RECORDS SHOWN:
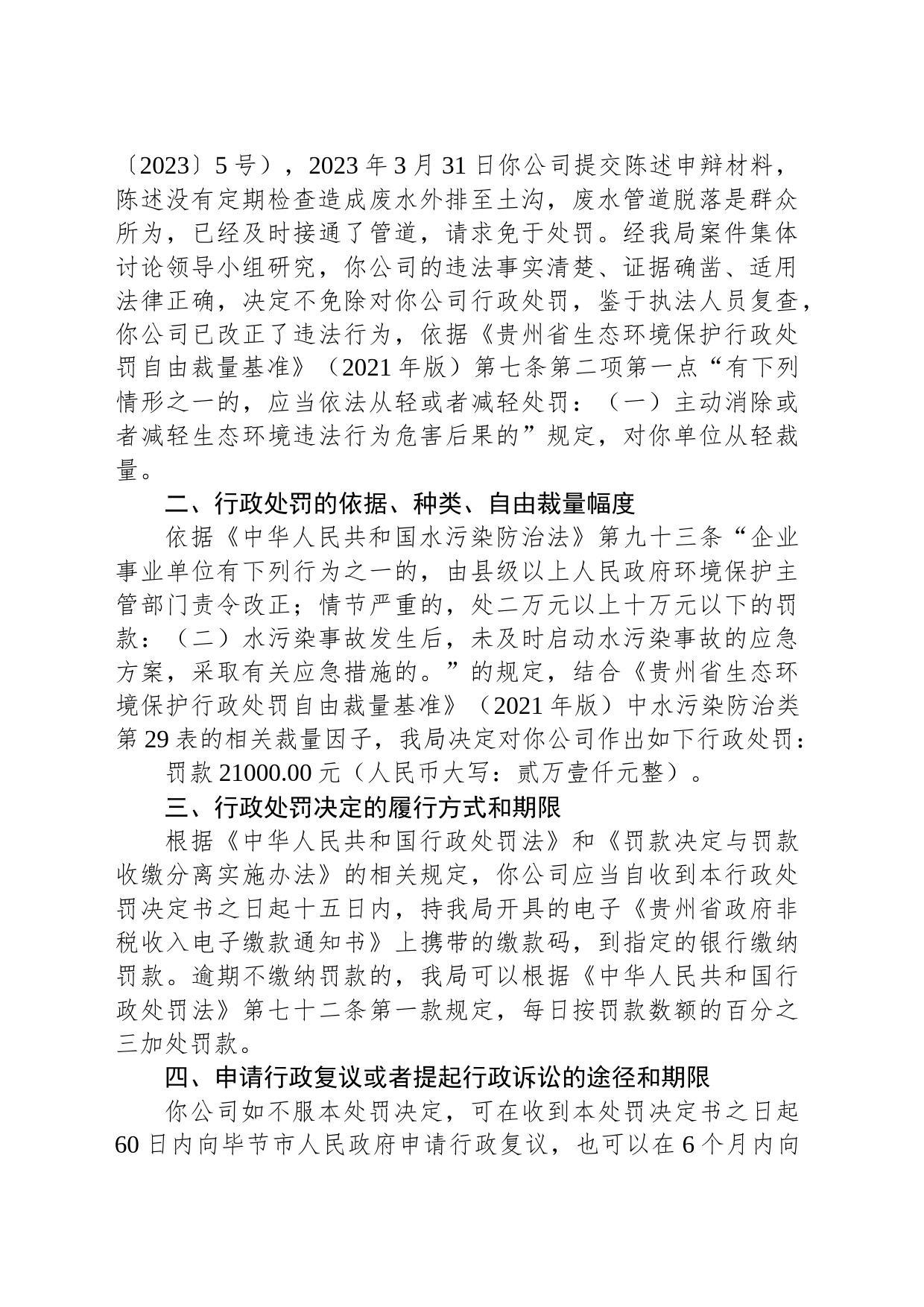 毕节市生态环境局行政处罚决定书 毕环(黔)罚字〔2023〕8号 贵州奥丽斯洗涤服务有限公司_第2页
==
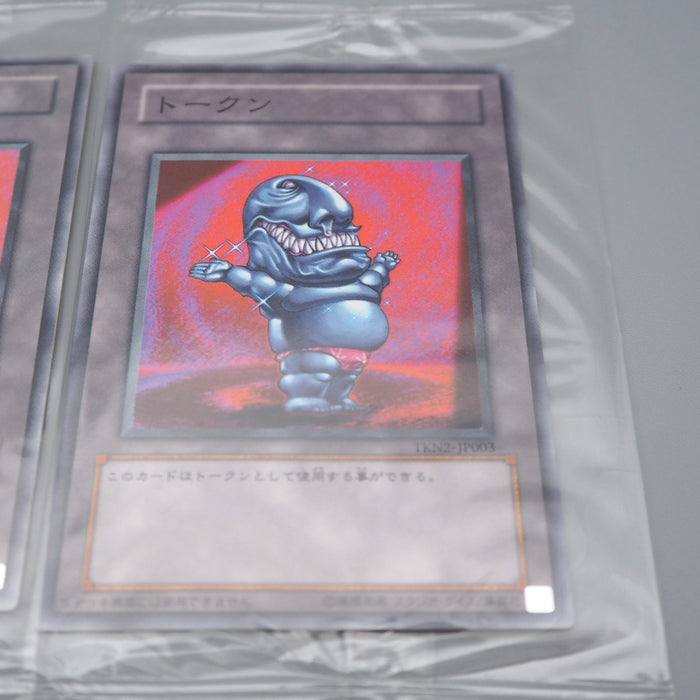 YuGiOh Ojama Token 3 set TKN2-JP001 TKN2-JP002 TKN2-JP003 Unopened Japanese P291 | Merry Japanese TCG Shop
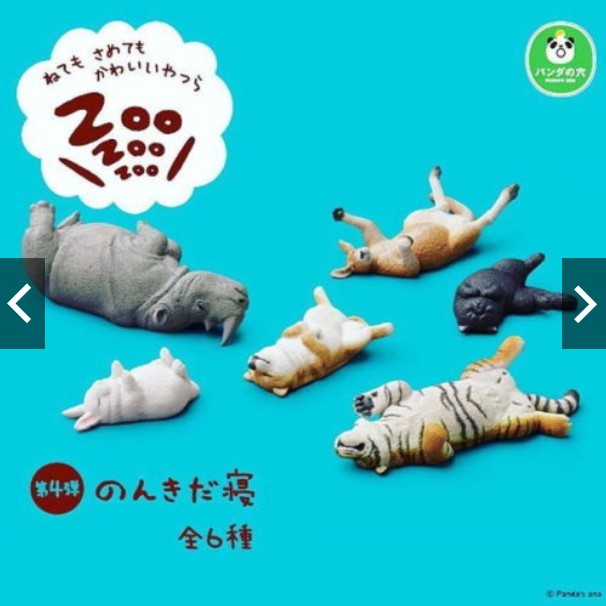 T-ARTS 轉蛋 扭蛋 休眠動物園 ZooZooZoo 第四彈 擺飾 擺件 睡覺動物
---
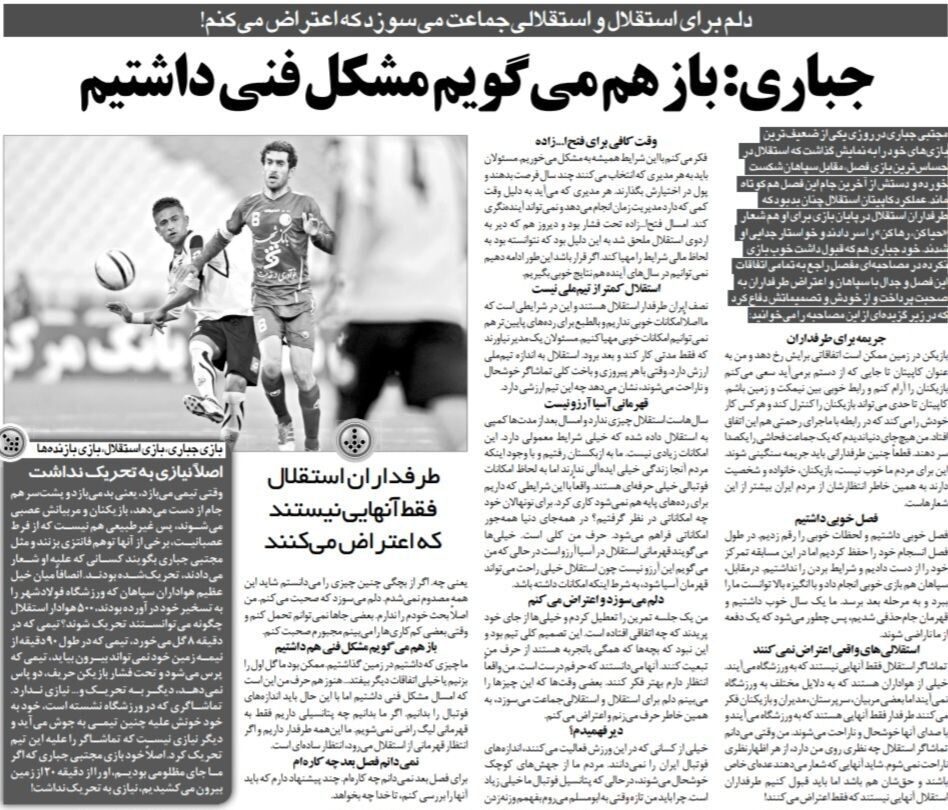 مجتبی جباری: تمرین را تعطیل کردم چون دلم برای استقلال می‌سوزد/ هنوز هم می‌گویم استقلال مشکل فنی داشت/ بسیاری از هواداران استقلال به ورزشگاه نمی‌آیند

TASK: Word for word, restate the lines above from the one with "YuGiOh Ojama Token" through the one with "T-ARTS 轉蛋 扭蛋 休眠動物園 ZooZooZoo 第四彈 擺飾 擺件 睡覺動物", keeping both ends and dropping the pictures.

FINISHED EXERCISE:
 YuGiOh Ojama Token 3 set TKN2-JP001 TKN2-JP002 TKN2-JP003 Unopened Japanese P291 | Merry Japanese TCG Shop
 T-ARTS 轉蛋 扭蛋 休眠動物園 ZooZooZoo 第四彈 擺飾 擺件 睡覺動物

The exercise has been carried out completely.